The answer must consist only of the lines in the records below from the line with "Storied Home Leopard" to the line with "Southampton midfielder Romeo", both included, copied word for word with every picture left out.

== Segment start ==

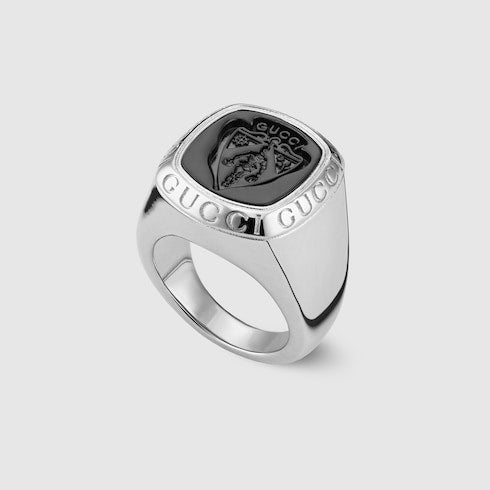 Gucci crest signet ring - palladium-toned brass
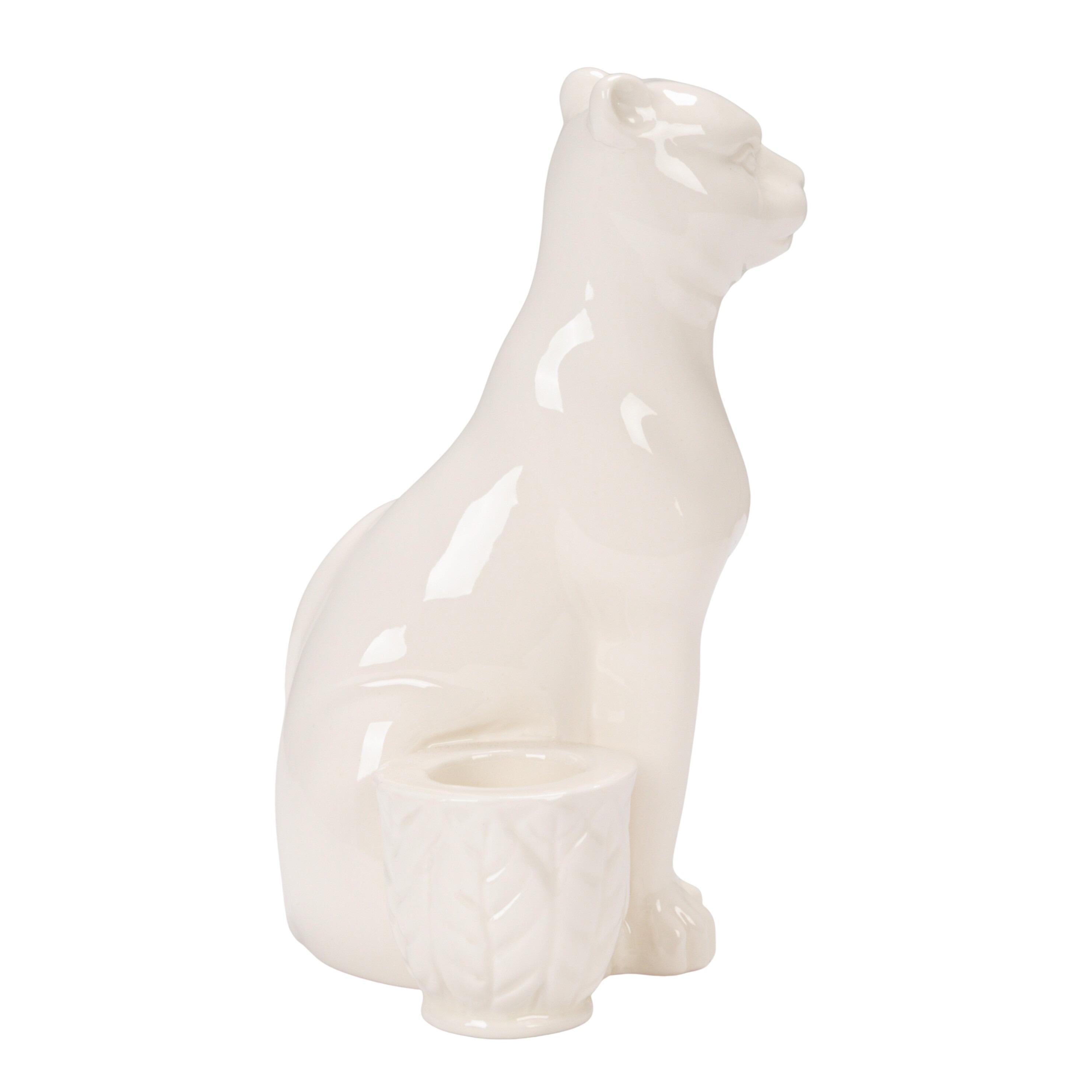 Storied Home Leopard Shaped Taper Candle Holder, , large
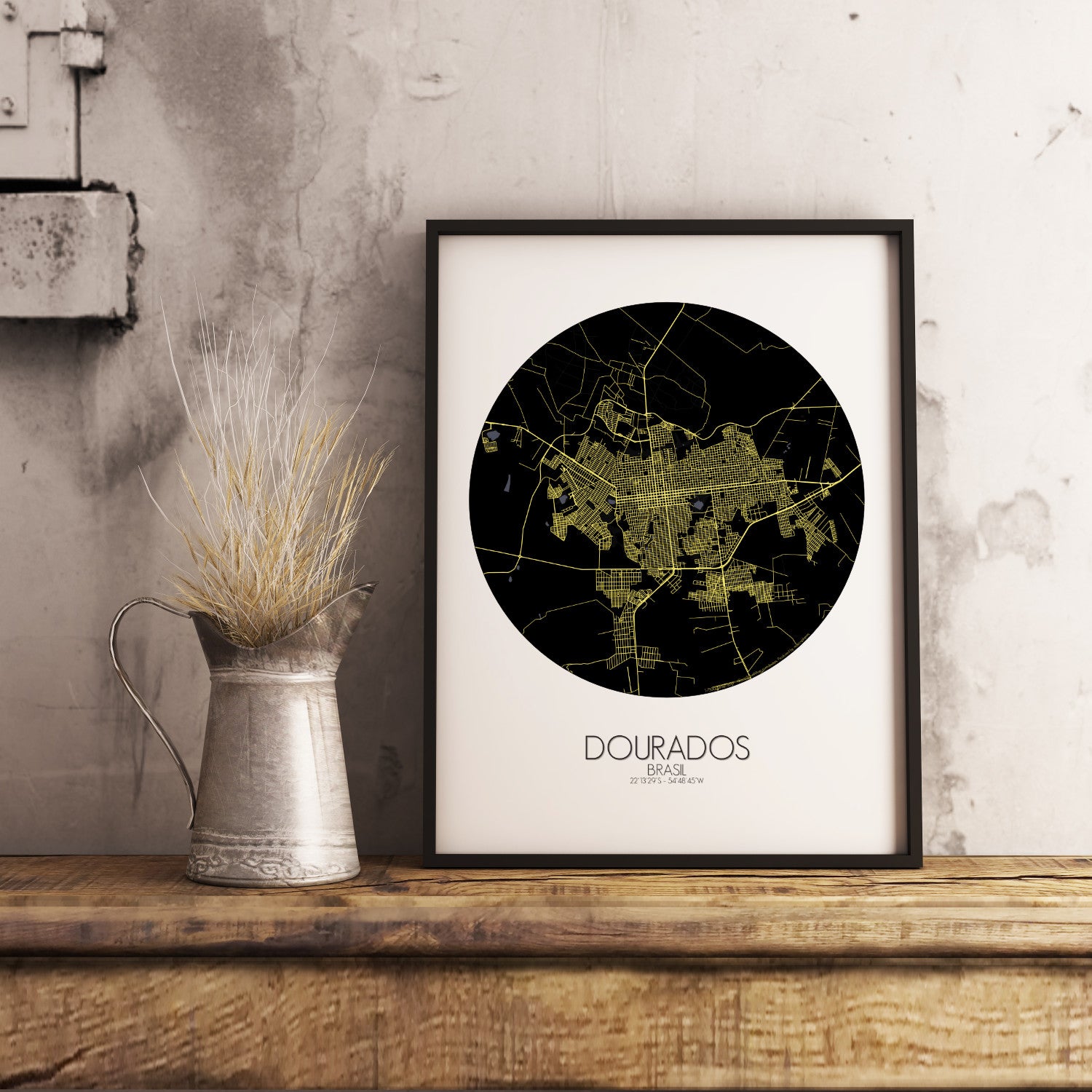 Mapospheres Dourados Night round shape design poster city map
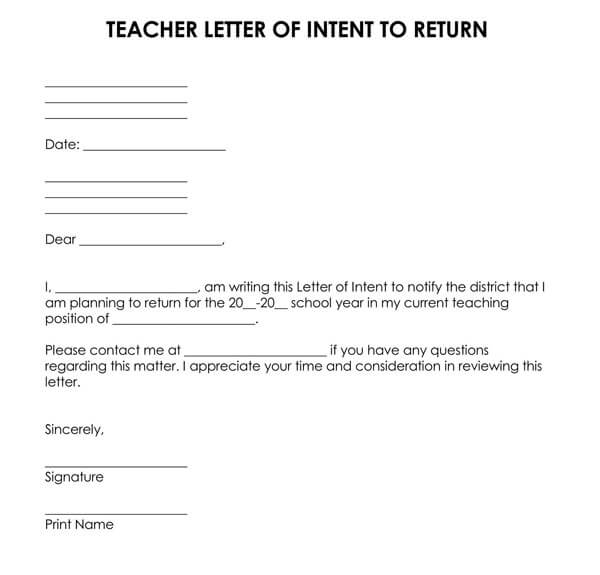 Teacher Letter Of Intent To Return Format Examples Template 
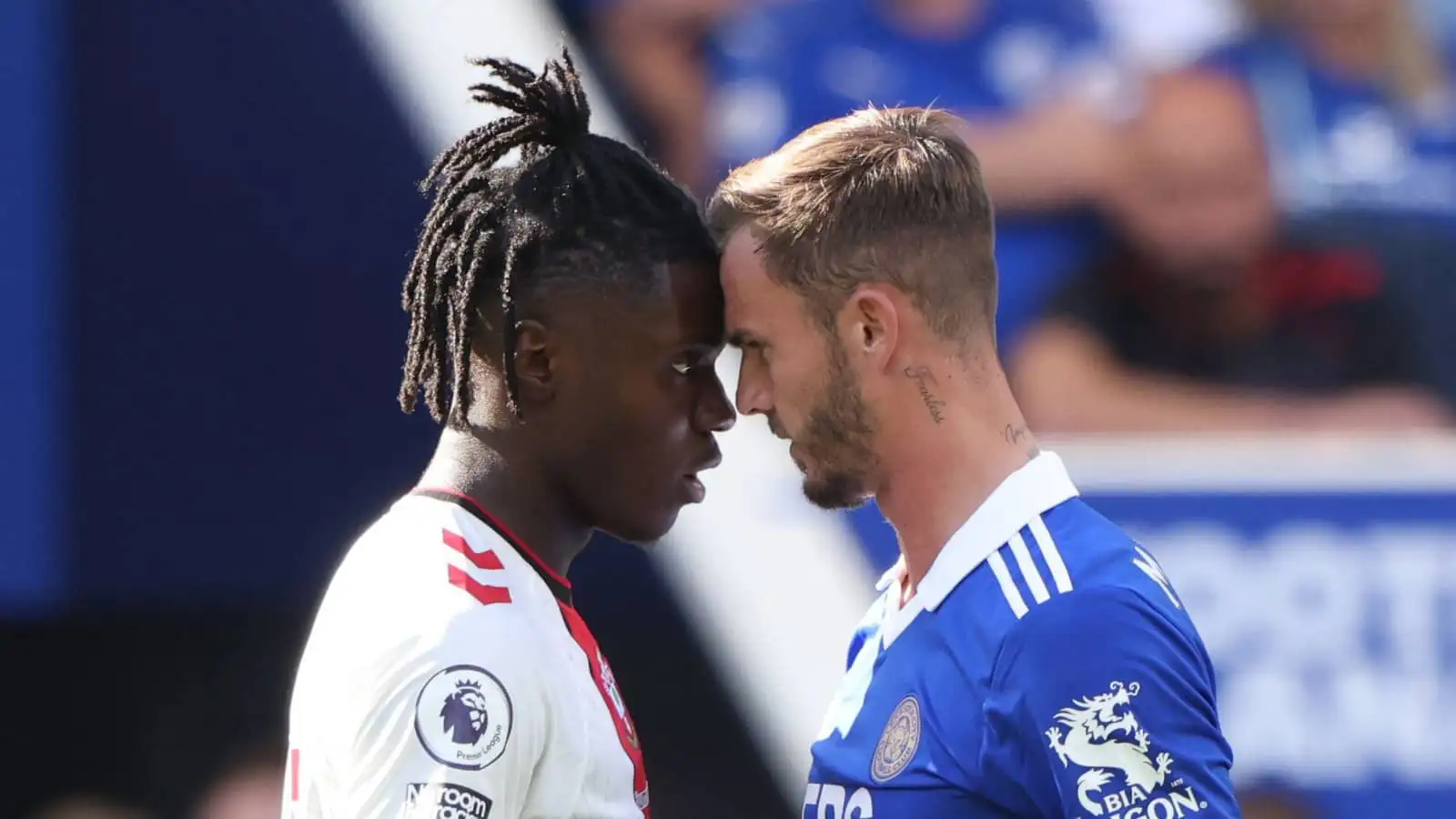 Southampton midfielder Romeo Lavia and Leicester City playmaker James Maddison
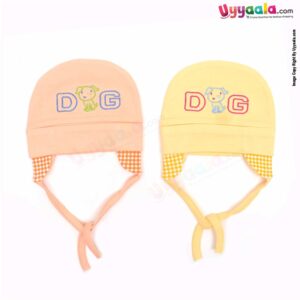 KOOCHIE KOO Fancy Round Cap Tying Model for Babies with Dog Print Pack of 2, 0-12m Age - Orange & Yellow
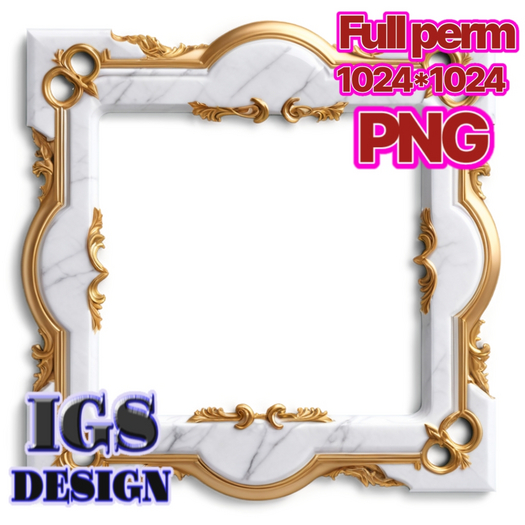 Royal White Marble Frame Texture, PNG, FULL PERM 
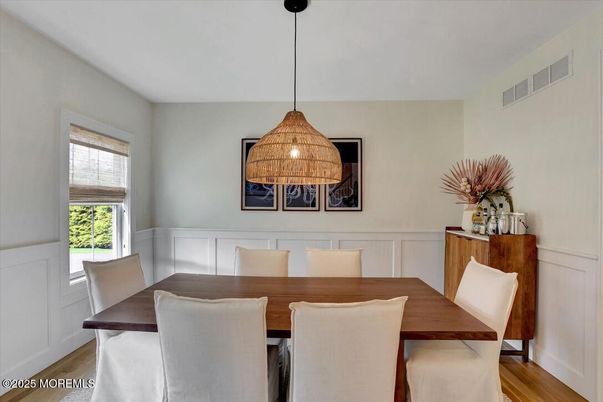 Dining room, Interior, Pendant Lights, Wood Texture Flooring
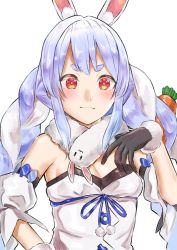 Rule 34 | 1girl, :3, animal ears, black gloves, blue hair, braid, breasts, carrot hair ornament, detached sleeves, don-chan (usada pekora), eyebrows hidden by hair, food-themed hair ornament, fur-trimmed gloves, fur trim, gloves, hair ornament, hand on own hip, highres, hololive, inamimi (sheep1733), multicolored hair, orange eyes, puffy short sleeves, puffy sleeves, rabbit-shaped pupils, rabbit ears, rabbit girl, short sleeves, sidelocks, small breasts, solo, symbol-shaped pupils, thick eyebrows, twin braids, two-tone hair, upper body, usada pekora, usada pekora (1st costume), virtual youtuber, white hair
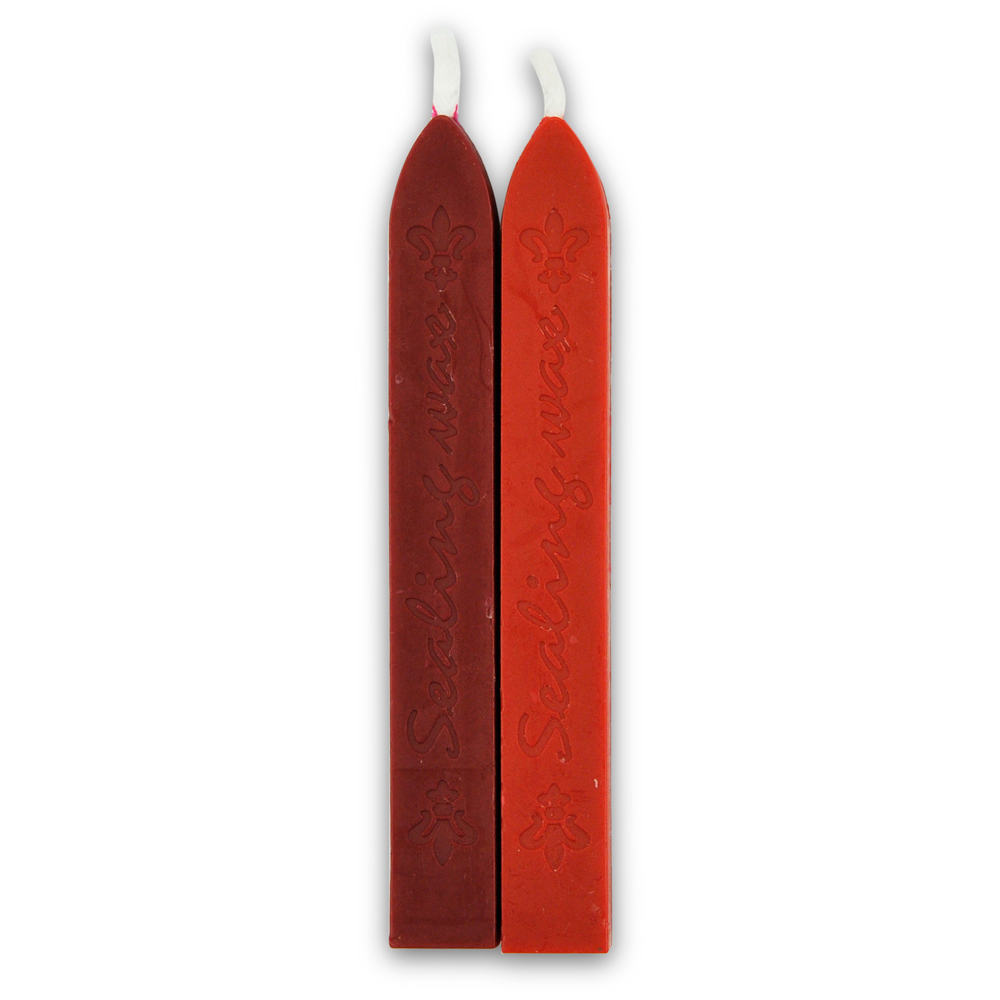 Siegelwachs, 2 Stück, weinrot und rot, 1x1x9cm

== Segment end ==

▶ _YOUR SOLUTION_
 Storied Home Leopard Shaped Taper Candle Holder, , large
 Mapospheres Dourados Night round shape design poster city map
 Teacher Letter Of Intent To Return Format Examples Template 
 Southampton midfielder Romeo Lavia and Leicester City playmaker James Maddison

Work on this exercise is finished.